Work task
Look through the listing below for the line with "Cat Smoking Cigarette Diamond Painting" and the line with "for Hard Floors". Copy both, along with every line between them, exactly and with no pictures.

Provided data
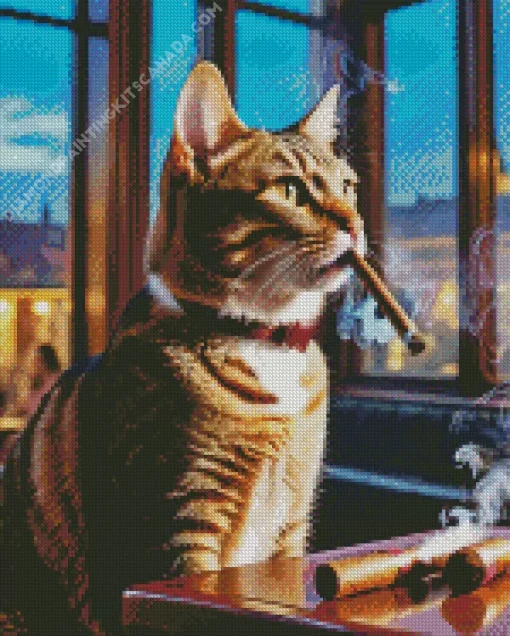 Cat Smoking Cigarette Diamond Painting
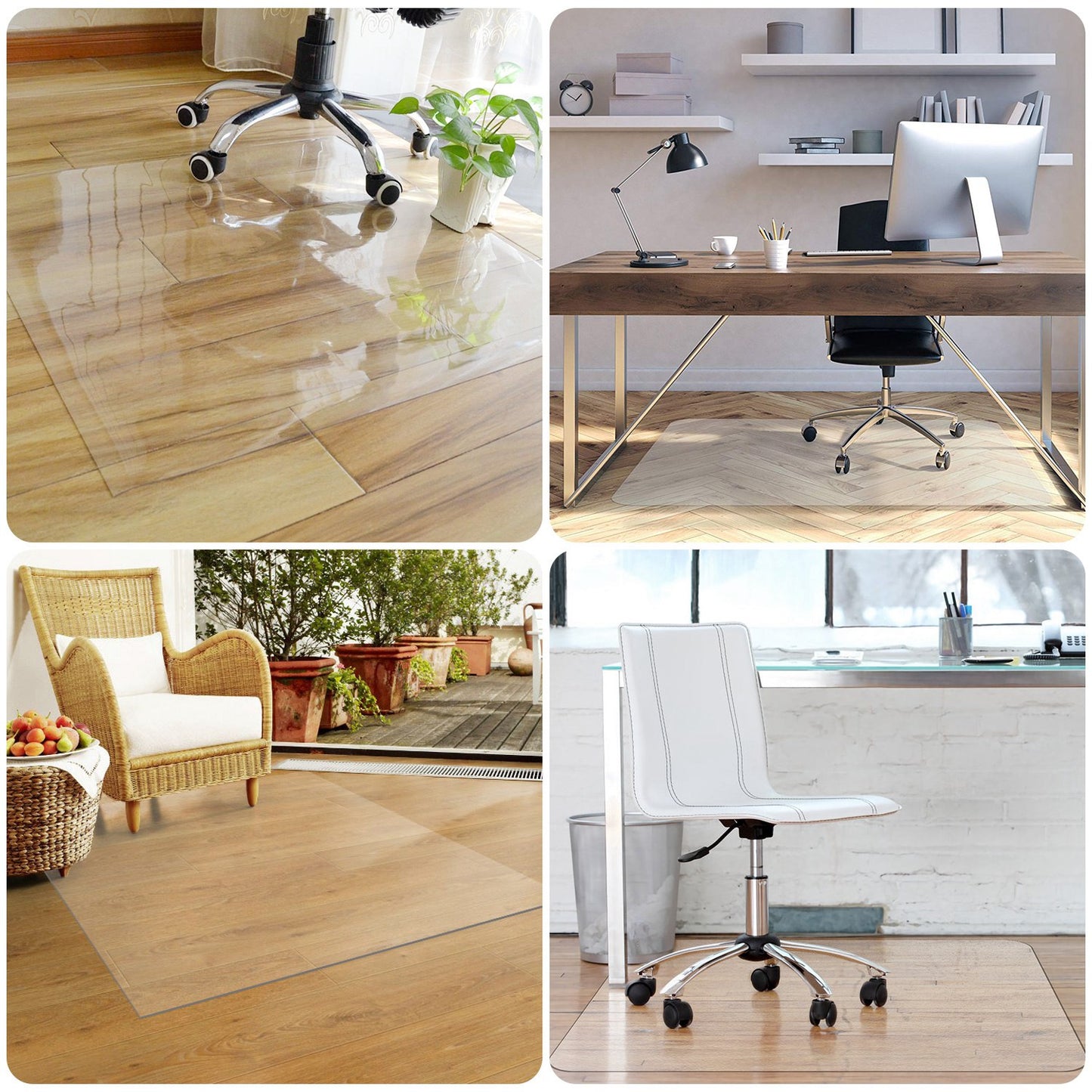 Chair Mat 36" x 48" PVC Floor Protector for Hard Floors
--
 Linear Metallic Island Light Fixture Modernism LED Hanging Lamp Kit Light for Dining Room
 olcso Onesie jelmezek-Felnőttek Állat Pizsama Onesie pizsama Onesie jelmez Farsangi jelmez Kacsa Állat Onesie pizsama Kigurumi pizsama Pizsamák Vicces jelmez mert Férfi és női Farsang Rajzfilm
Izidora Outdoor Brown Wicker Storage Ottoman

Expected answer
 Cat Smoking Cigarette Diamond Painting
 Chair Mat 36" x 48" PVC Floor Protector for Hard Floors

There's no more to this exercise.